Mike Christie wrote:
snip
non overlapping code bases in the kernel is the right thing to do, so
what I'd like is for us to evolve the existing solution into something
that will work for both (by taking pieces of the out of SCST and placing
them into STGT).
snip
James, you missed that SCST for a long time has support for implementing
backstorage devices in the user space. This is provided through
backstorage device handler called scst_user. You can find its interface
Does scst support moving the scsi state machine there? I think that is
what James meant by some of his comments, but I do not think this detail
is too important. If you can, great one less todo item.
Scst_user provides hooks for all the SCST core states. Some of them are
optional, like for commands parsing, some are required, like for
commands execution. Is it sufficient?
I would suggest you to look at fileio_tgt. It's a full functional SBC
device emulator (more than full, actually, since it's also a test program).
If all necessary pieces of STGT moved in the kernel, it would become
pretty much the same as SCST at the moment.
In the top paragraph James is saying to move scst into stgt, so it seems
like we can do the following:
1. You and with Nick battle each other about what are the best pieces of
scst and his target and what should go upstream.
We generally already agreed in Nick's iSCSI target over SCST core engine
with some necessary modifications in it taken from LIO core.
2. Do a ibm vscsi target for the new framework since that is the only
upstream kernel target right now.

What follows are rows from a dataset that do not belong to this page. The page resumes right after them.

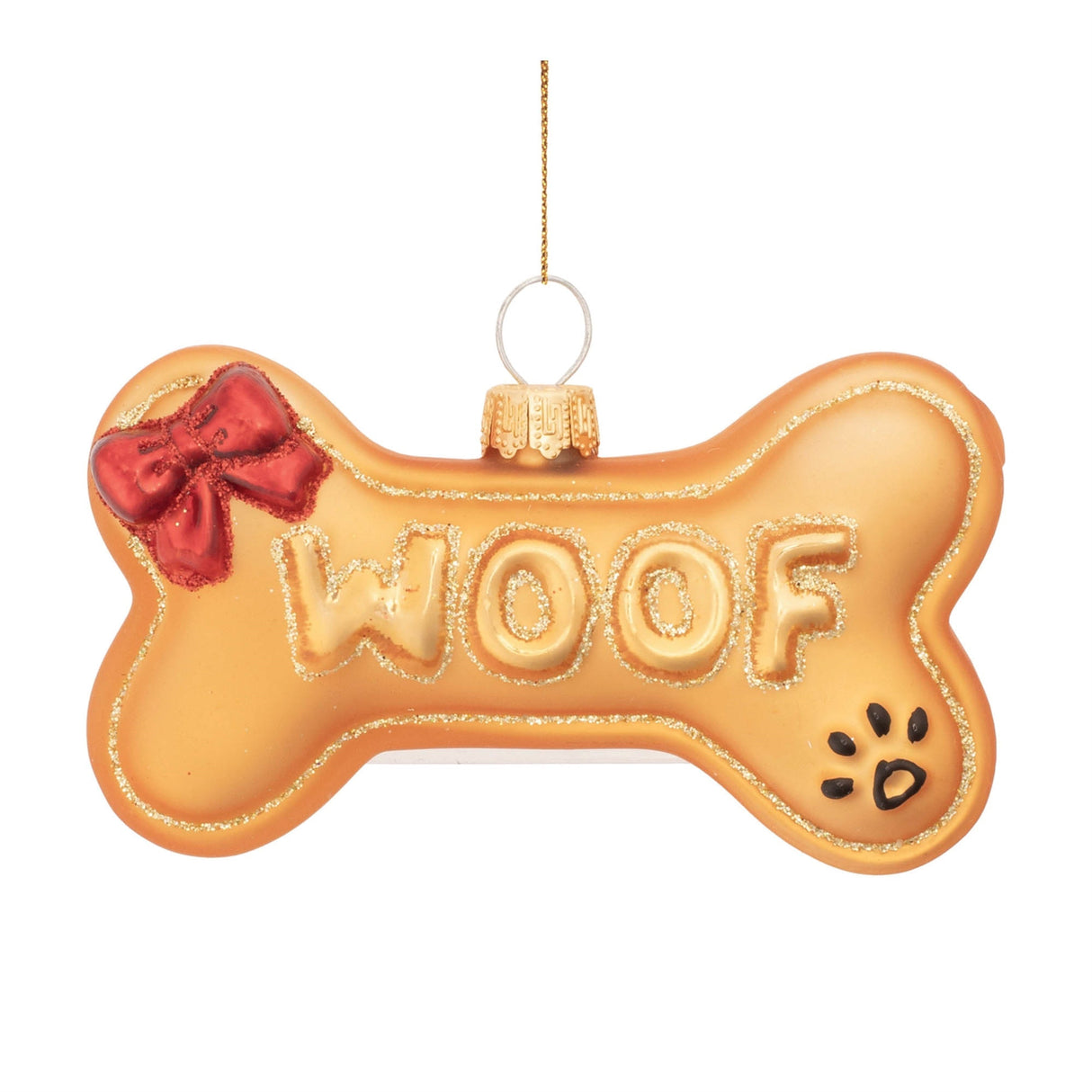 Glass-Dog-Bone-Ornament-(Set-of-12)-Christmas-Ornaments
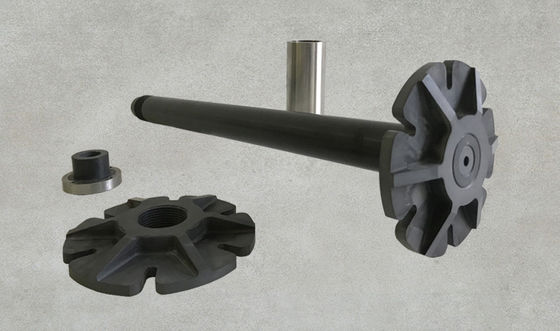 Tubo di elevazione del nitruro di silicio Si3N4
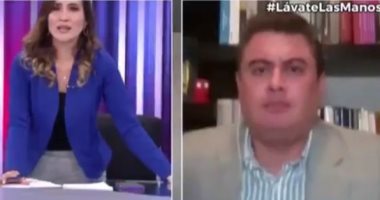 زلزال ع الهوا.. شاهد رد فعل المذيعة أثناء هزة أرضية عنيف فى بيرو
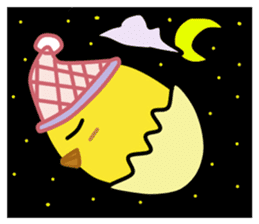 Happy and Tamacat Jr. sticker #3959673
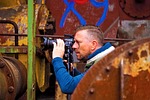 photographer, man, fun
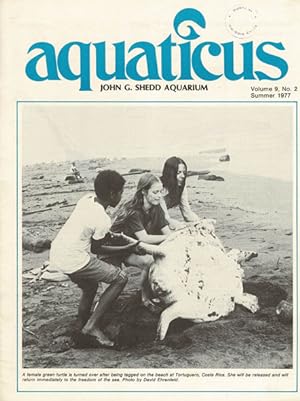 Imagen del vendedor de aquaticus - Vol. 9, No. 2, 1977 a la venta por Schueling Buchkurier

For qla2xxx, we can forget the patches
we sent qlogic and use what comes with the common framework since scst
has one already.
3. Start sending patches for common code like scatterlist improvements
and scatterlist memory reservations.
What do you mean?
4. Send patches for new target infrastructure core code for review and
cleanup. And send ibm vscsi target driver for an example and to make
sure there are no functionality regressions. The latter should not be
too hard because stgt does not have many features right? :)
5. When common code is merged and new core target infrastructure is
through the review process we can just swap out the new code for stgt
and name it whatever you want.
Tomo and I can handle trying to modify the new framework to support
putting a scsi state machine in userspace and sharing that with kernel
code. Right now the primary targets for stgt that users are deploying
are are completely in userspace, so we do not have much to worry about.

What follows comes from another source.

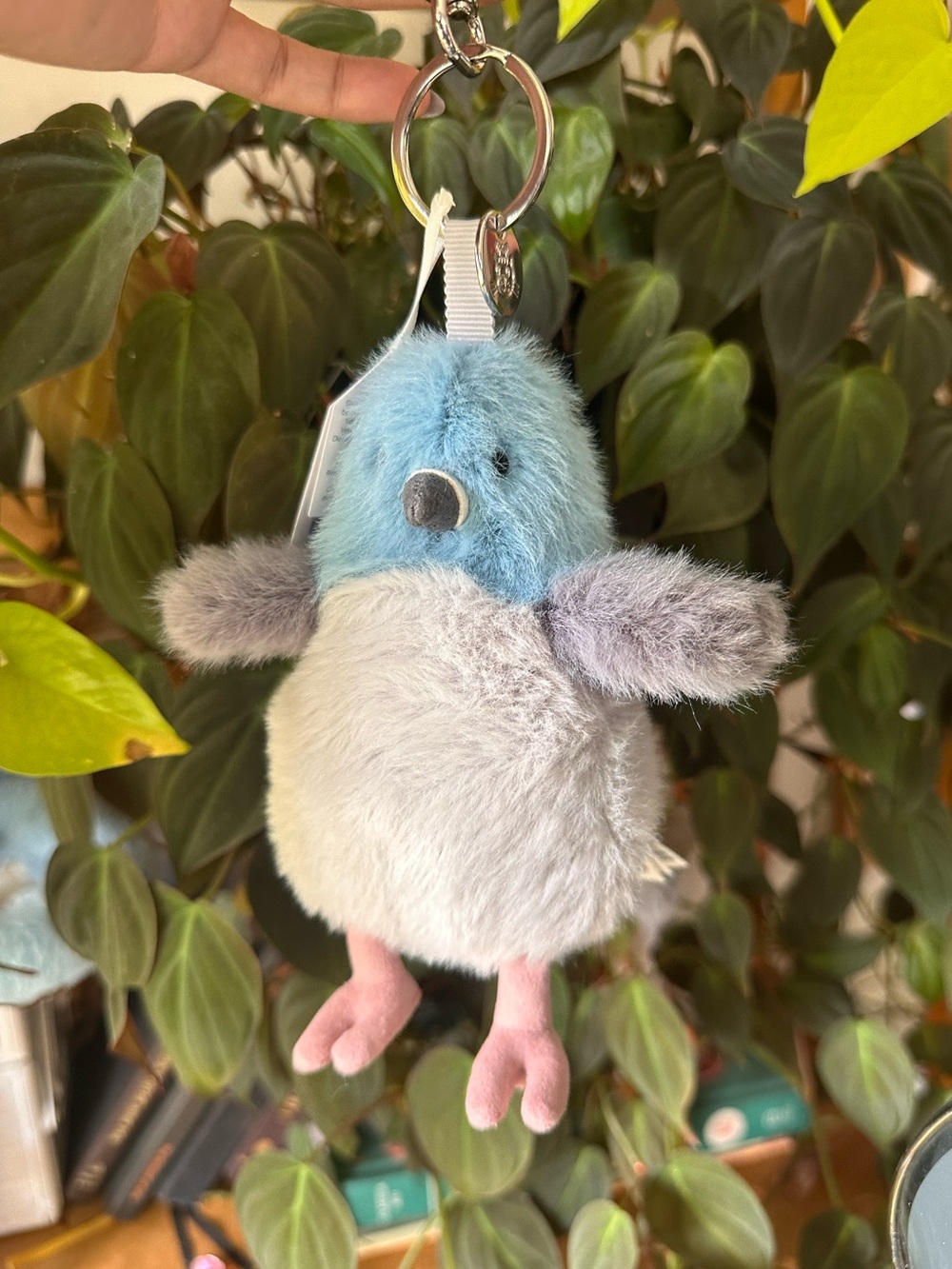 Jellycat Strutton Pigeon Bag Charm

There are ibm vscsi users, but they are a lot smaller in number compared
to iscsi. I would bet the ibmvscsi would prefer to use the kernel target
we make too.
Our userspace tools will also be able to support both kernel space and
userspace targets with little trouble so distros that have stgt will not
notice any differences.
So, do you propose to start converting STGT to SCST? Do I understand you
correctly?
Surely this will be faster than writing all these mails and wasting time
on this :)
I think James also said something about moving STGT in-kernel to get
performance gains, but I do not think it means that we have to push
exact code that sits in Tomo's git tree from usrspace into the kernel.

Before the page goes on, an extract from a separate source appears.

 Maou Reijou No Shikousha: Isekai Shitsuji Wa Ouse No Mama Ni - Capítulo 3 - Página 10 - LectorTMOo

If along the way we replace it with scst or Nick's code and we end up
with a variant of scst or Nicks code that can still support userspace
targets then I do not think any one is going to make long threads like
these have resulted in :)
Will this work for everyone?
We need to agree at first which target's architecture we are going to
use as a base in which we will incorporate the necessary additions from
other targets. We with Nick have chosen SCST, now it's your, James and
other interested people's turn. As I already wrote, STGT and its kernel
part is too widely incompatible with SCST and choosing it as a base will
lead to unneeded effort.
I would propose to return to this question after I submit SCST patches.
Then we would see the code and decide, what's good in it and what's bad.